According to the report: “The Group is still in the process of upgrading its accounting, administration and information technology infrastructure to align with the requirements of IFRS 17.”
This has resulted in the company using “simplified models” that don’t accurately track profitable and unprofitable contracts. Farai Chibisa, the engagement partner on the audit, stated: “Once the upgrade of the accounting, administration and information technology infrastructure to align with the requirements of IFRS 17 is complete, significant adjustments may have to be made to the amounts recognised in these financial statements with respect to the Group's insurance contracts.”
Another major concern is Fidelity Life’s non-compliance with International Accounting Standard (IAS) 29. This standard requires companies operating in hyperinflationary environments to restate their financial statements using monthly inflation indices. The auditors found that Fidelity Life instead used an average inflation rate for the entire year, which could lead to misstatements.
The report also highlights the misstatement of opening investment property balances from 2022, and the inclusion of unaudited financial statements from a subsidiary, Vanguard Life Assurance Limited.
“The opening investment property balances of the Company as at 1 January, 2022, recognised in the consolidated inflation adjusted financial statements for the year ended 31 December 2022 were misstated,” the auditors noted.

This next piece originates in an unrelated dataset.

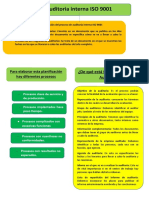 Auditoria Interna ISO 9001: ¿De Qué Está Formado Un Plan de Auditoria?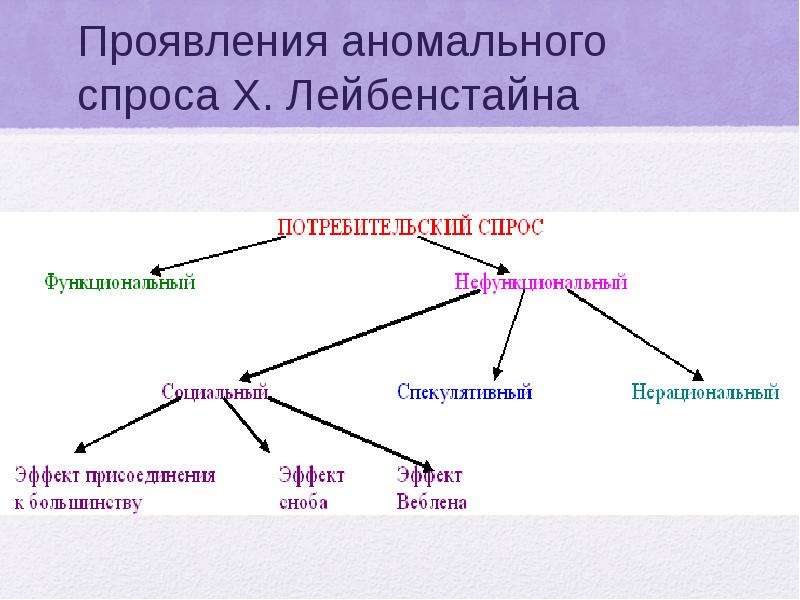 Группы потребительского спроса. Классификация потребительского спроса по x. Лейбенстайну. Моделирование потребительского спроса. Лейбенстайн потребительский спрос. Модель покупательского спроса.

“Management could not provide sufficient appropriate audit evidence to support the valuator’s assumptions applied in the valuation of the properties as at 31 December, 2021. As a result of the misstatement of the opening balances, the fair value gains on properties recognised in the comparative consolidated inflation adjusted statement of profit or loss and other comprehensive income for the year ended 31 December, 2022 are misstated.”